Cultural differences in the workplace can complicate organizational relationships. At Netflix, the established culture of Freedom and Responsibility didn’t always translate well to other countries.

Learn how Netflix adapted to cultural differences in the workplace as it grew.

Cultural Differences in the Workplace at Netflix

By 2011, Netflix had cultivated a culture of Freedom and Responsibility that was enabling the company to produce great results in the U.S. Hastings began expanding the company into other countries—first in Canada, then Latin America, Europe, and Pacific Asia. By 2016, Netflix was in more than 130 countries worldwide. The expansion was so successful that within three years:

  • The number of subscribers outside the U.S. more than doubled, from 40 million to 88 million.
  • The total number of employees doubled.

Still, Hastings knew from his past international travel that certain experiences and practices can’t be translated directly into other cultures, which meant that he had to be ready to adapt in order to be successful in other countries. For example, when he was in Swaziland as a Peace Corps volunteer, he couldn’t understand why his high school math students were stumped by a simple word problem about how many tiles it would take to cover a floor—until he realized that they didn’t know what tiles were because they all lived in huts with mud or concrete floors. Hastings considered whether the corporate culture he’d worked so hard to develop would work outside the U.S., or whether it would cause confusion and misunderstanding like his math problem had. 

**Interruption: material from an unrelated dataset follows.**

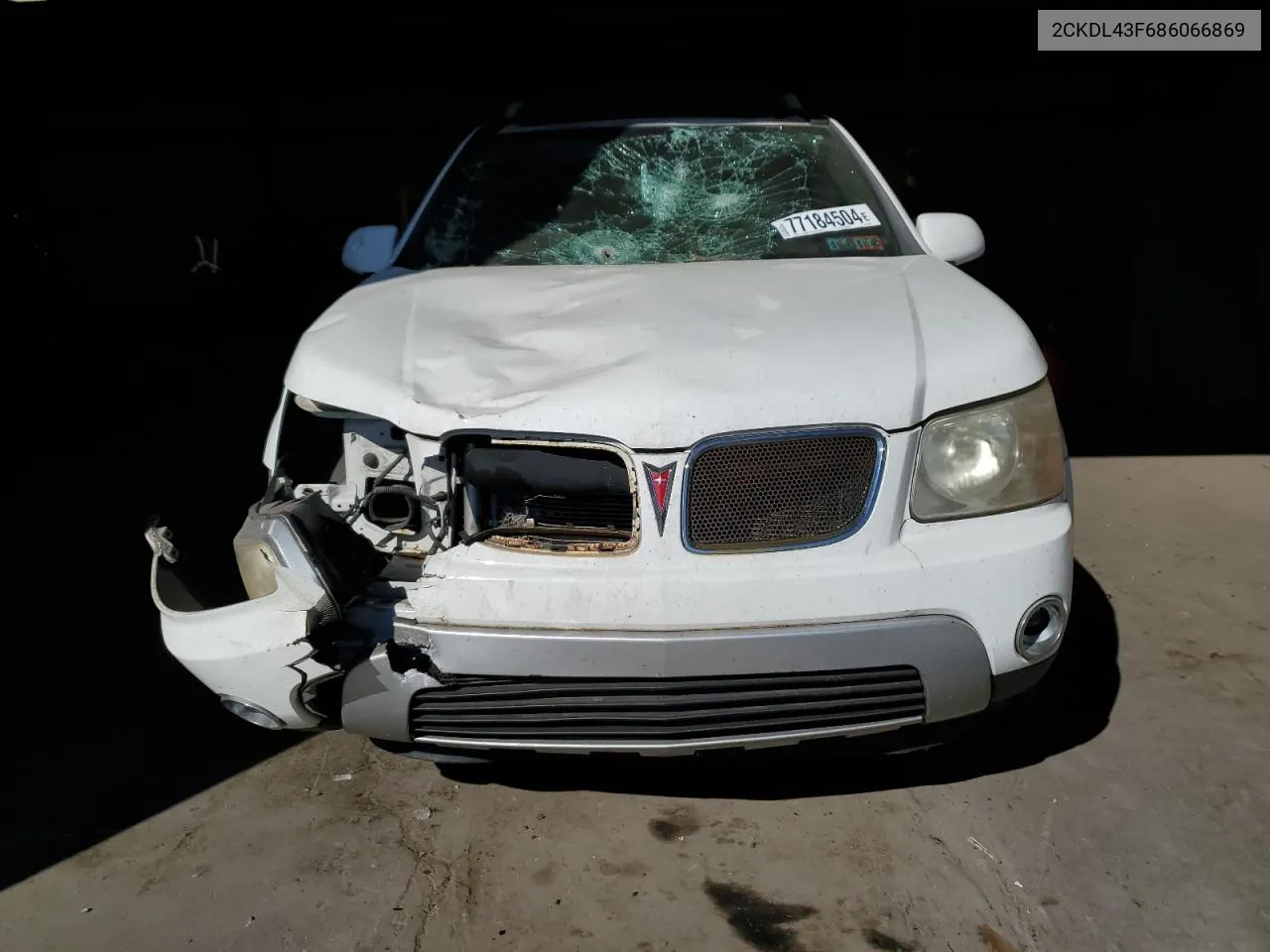 2008 Pontiac Torrent VIN: 2CKDL43F686066869 Lot: 77184504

Hastings looked to Google as a model. Like Netflix, Google was known for having a distinct corporate culture. When Google expanded globally, company leaders didn’t try to adapt Google’s culture to fit the countries it moved into—instead, they hired people in those countries who fit the Google culture. Hastings followed suit and decided to find foreign job candidates who could adapt to the culture he had carefully cultivated at Netflix. The company would then train those new hires on the ins and outs of working within a culture of Freedom and Responsibility. Additionally, while Hastings acclimated international employees to the Netflix way, he would also remain open to adapting to and learning from their cultures. 

Adapt Candor Cross-Culturally

Hastings found that cultural differences in the workplace were hardest with Netflix’s culture of candor. This was one of the cornerstones of Netflix’s culture, but each country’s attitude toward candor and providing feedback—especially to superiors—differed greatly. The differences were even built into the languages: 

  • Cultures that were more comfortable with direct feedback used words called “upgraders,” such as “totally” and “absolutely.” For example, “This is totally unacceptable.”
  • Cultures that were more indirect used “downgraders” to soften negative feedback, such as “kind of” and “slightly.” For example, “It’s going to cost slightly more than you projected” instead of “Your projection was way off.”

One of the most extreme examples was Japan, whose culture is indirect and conflict-avoidant. The American managers who helped to build Netflix’s regional office in Tokyo struggled to get Japanese employees to provide actionable, constructive feedback. With guidance, the American supervisors eventually helped their Japanese employees to provide managers with feedback during one-on-one meetings, but employees seldom gave each other impromptu feedback during meetings and presentations. 

Through their experiences in Japan and other indirect cultures, Netflix’s leaders learned important lessons for creating a comfortable middle ground in which employees from indirect cultures can still adhere to the company’s culture of candor. 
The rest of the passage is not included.